Listening Beneath the Whistle

I was 16. It was clear to me that the generation before me had operated without the infallible wisdom of our cohort. We were ready to right the wrongs of those before us. Just fresh from a political rally, I walked into the house and heard the whistling from the kitchen. Bing Crosby — another symbol of the hypocrisy that was a demonstration of all that led to Watergate. I preferred the gospel according to Bruce Springsteen and the lessons of the Rolling Stones.firecracker

Having inherited my father’s quick tongue and tempered firebrand, I could feel my desire to explain why it was necessary for me to refuse to engage in the domestic role of the past to assume my ascent into the new position of women. We were simultaneously best of friends and greatest of irritants to one another, but I knew that whistling had nothing to do with music…it was a way to keep from crying or despairing or saying something that would hurt someone else’s spirit. I knew her from the inside out, and the tone of her whistle cracked the shell of my self-righteous indignation at all that was wrong with the world, and love was the plowshare that tilled the possibility of just being present.

Instead of telling my Mother why I was refusing to follow in her footsteps, I washed my hands and saw a tear rolling down her cheek, but I knew better than to ask what was wrong — she was of the generation of farm women who said “I love you” in action more often than words.
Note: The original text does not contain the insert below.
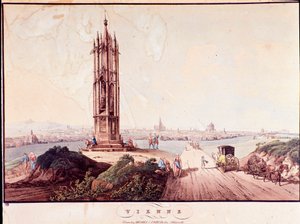 ドナウ川に架かる橋を中心としたウィーンの街の概観。オーストリア 1800年頃の個人蔵のエングレービング 作： Unknown artist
Her way of loving was to feed us — in more ways than the body.

open heart

I knew the routine, I had been doing it since I was old enough to pull up a chair to the counter. The first week of Advent — roll the refrigerator cookies until the roll was about 12″ long and 2″ wide — a roll of butter, egg, sugar and remembrance. With two layers of waxed paper and one of aluminum foil, the roll would remain in the back of the ‘fridge’ until the third week of Advent. The first week was all about preparation — it was the third week that a hint of joy could crop in. This was a serious week of preparation. Out of the corner of my eye, I saw the pan and something in me melted as I felt the gleam of “all is right with the world.” The suet bucket.

Maybe a bit of Christmas magic or the angel of my grandmother sitting on my shoulder. I asked her to tell me the story of the suet pudding — the real story — we never stopped working, but for some reason my heart was open, and instead of hearing about the women who had chosen a life that I wanted to reject as irrelevant, I realized that I had it all backwards. Maybe for the first time, I heard the heart story…hidden in the guise of suet pudding.
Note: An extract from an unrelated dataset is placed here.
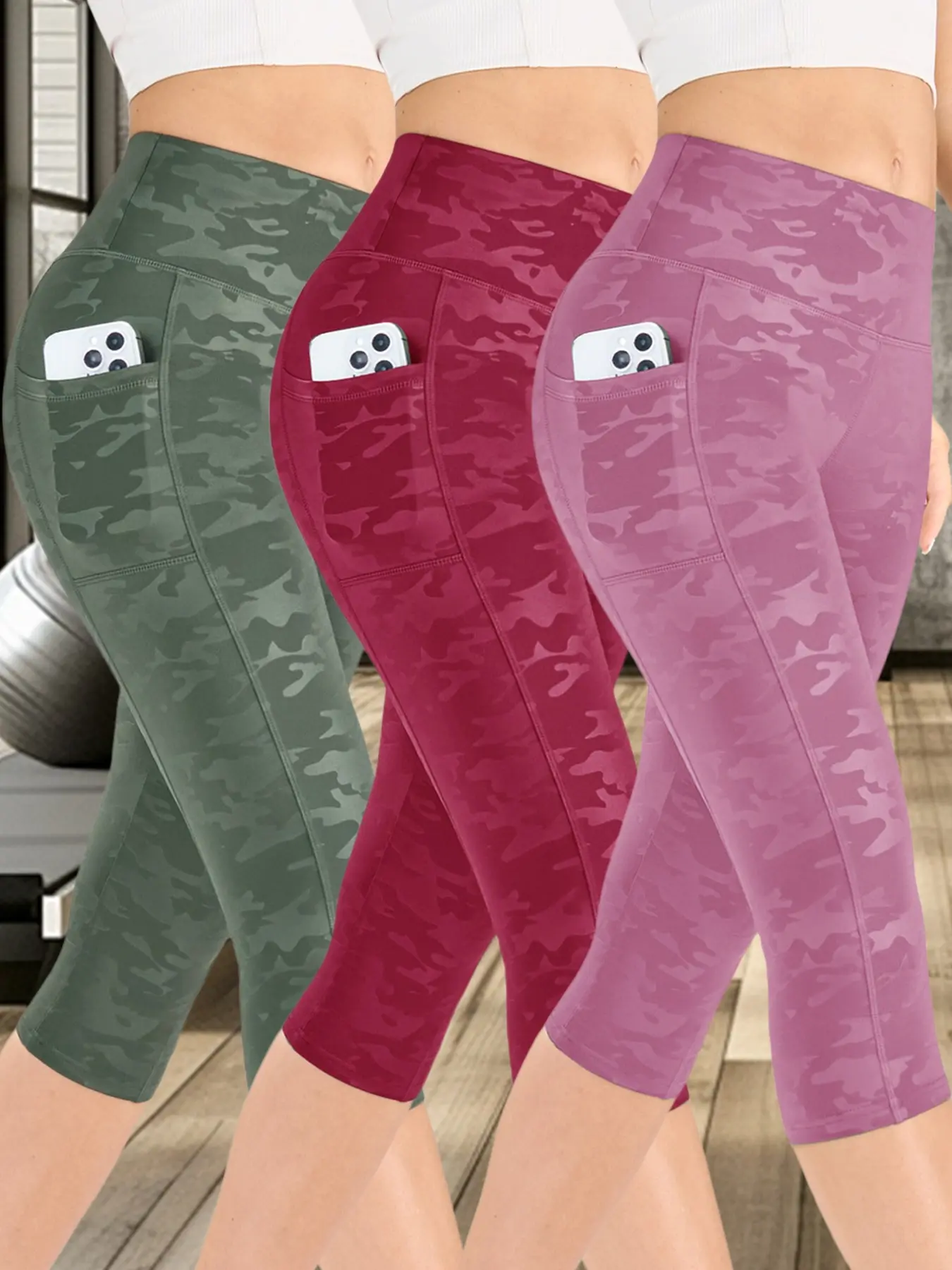 Military green+Red+Mauve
It’s the story held in the scripture of life…and in our family, it’s held in the suet pudding pan. As I listened that day, I heard about Bridget Lyons coming across the prairie in the old covered wagon and the pudding recipe that has been made in every generation since then — to remember the journey. In those days, when the wagon journey across the prairies was most rugged, they had to keep hope. “Hope happened in the kitchen of life” my mother explained to me, “because kitchen isn’t a place — it’s an act of love.”homesteading

In every wagon, there was a special pot where the precious commodities of dried fruit were collected and valued like gold with the intention of saving it for the Advent suet pudding, only eaten on the Feast of Christmas. Collected too were bits of fat (suet), dried and kept to be added for flavor and to preserve the pudding in the four weeks of waiting it would have. And in the combining of the ingredients passed down from generation to generation in the oral tradition of biblical women, there was remembering of the year gone by, those lost in the torrents of challenge and the new ones born to continue to make the pudding and be the love. Suet pudding wasn’t just something we made to mark a holiday, it was a ritual of remembrance that fermented into celebration. Something like the prairie version of the incarnation.
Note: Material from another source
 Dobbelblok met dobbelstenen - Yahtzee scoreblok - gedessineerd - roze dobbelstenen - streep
As I listened again to the story of my namesake who rode the wagons, something shifted in me. The women I had minimized a couple hours before became sages. In our family, it wasn’t our way to dissect the significance or reflect on the experience or even for me to ask what the tear stained cheek was about. Whatever my mother’s suffering had been that day had now become redemptive because we made the pudding and wrapped it in towels to sit until Christmas eve. And in the same way, she blessed my passion for justice and action (as she did throughout our shared life journey) and I was grateful to be blessed. There are certain things for which there are no words…only the silence of being present.

It’s suet pudding time…my brother has the pan…so that a new generation can know what it feels like to have your heart cracked open with “kitchen.” It’s an act of love. It’s Advent

cake-pan

That day…in that kitchen in Springfield, Illinois, my mother’s love looked past my self-righteous adolescent snare and saw in me what others had seen in her. Instead of engaging in debate, we rolled cookies and made suet pudding and remembered.

 

actionIt’s all about presence — being here. Today, my Advent Action is about being present to at least one other person…and instead of convincing them of my truth…I am going to make some suet pudding (without the suet or the pudding or the pan)…the kind of love that happens when I stop being so sure I have the answer and I notice a single tear and decide to just be.